Dia menyebut ada potensi munculnya konflik SARA jika politik identitas digaungkan. Potensi perpecahan bisa terjadi jika pihak ketiga turut memanfaatkan kesempatan.
Untuk itu, Badan Intelijen Strategis (Bais) TNI telah membuat indeks kerawanan pilkada serentak. Setidaknya ada 15 provinsi yang memiliki tingkat kerawanan tinggi. Selain Aceh dan Papua, disebut juga DKI Jakarta, Jawa Barat, Jawa Tengah, Jawa Timur, Sulawesi Tenggara, Sulawesi Utara, Maluku, dan Maluku Utara.
Di Papua misalnya, dia menyebut kelompok separatis teroris (KST) sudah terpantau memiliki agenda untuk menggagalkan pilkada serentak. Catatan TNI menunjukkan, belakangan ini KST sering beraksi di tujuh wilayah rawan. Yakni, Maybrat, Puncak, Puncak Jaya, Intan Jaya, Nduga, Yahukimo, dan Pegunungan Bintang.
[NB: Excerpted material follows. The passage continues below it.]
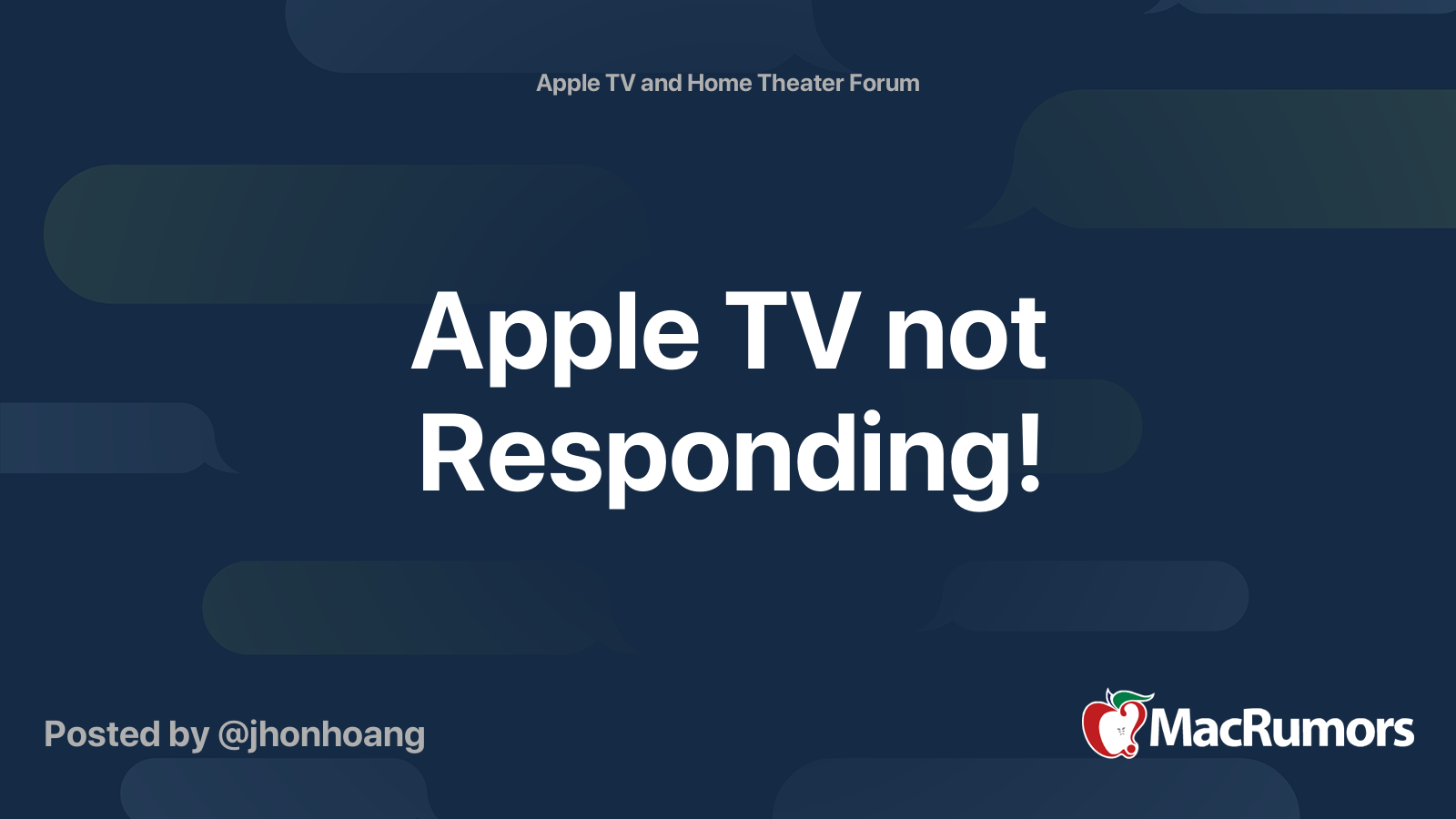 apple-tv-not-responding-macrumors-forums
Terpisah, Ketua KPU RI Hasyim Asy’ari mengatakan, selain menuntaskan tahapan pemilu, pihaknya mulai mempersiapkan Pilkada 2024. Rencananya, pemungutan suara digelar pada Rabu, 27 November. Untuk tahapan terdekat, pada awal April 2024 ini, akan dimulai tahapan penyerahan dukungan bagi calon perseorangan. ”Itu mulai bisa menyampaikan bukti dukungan untuk pencalonan dalam pilkada, baik gubernur maupun bupati dan wali kota,” ujarnya.
Untuk paslon dari partai politik, Hasyim menyebut prosesnya masih menunggu penetapan kursi DPRD. Penetapan kursi itu masih menunggu jika ada sengketa pileg di Mahkamah Konstitusi.
Terpisah, imbauan KPK terkait penghentian penyaluran bantuan sosial (bansos) jelang pilkada direspons publik. Ketua IM57+ Institute M. Praswad Nugraha mengatakan, imbauan itu mestinya juga disampaikan ke Presiden Joko Widodo sebelum pelaksanaan Pilpres 2024. Sebab, aksi bagi-bagi bansos dilakukan Jokowi dan sejumlah menteri saat digelar kampanye pilpres. ”Ke mana KPK pada waktu itu (kampanye pilpres, Red)?” kata Praswad saat dihubungi Jawa Pos.
Menurut Praswad, imbauan KPK tersebut seharusnya berlaku untuk pilkada dan pemilu. Eks penyidik senior KPK itu menegaskan, KPK sejatinya sudah lama mengendus adanya politisasi bansos. Khususnya oleh calon petahana demi kepentingan elektoral. ”Dari dulu bansos sudah jadi bagian dari money politics (politik uang, Red),” ungkapnya. (far/syn/tyo/bay)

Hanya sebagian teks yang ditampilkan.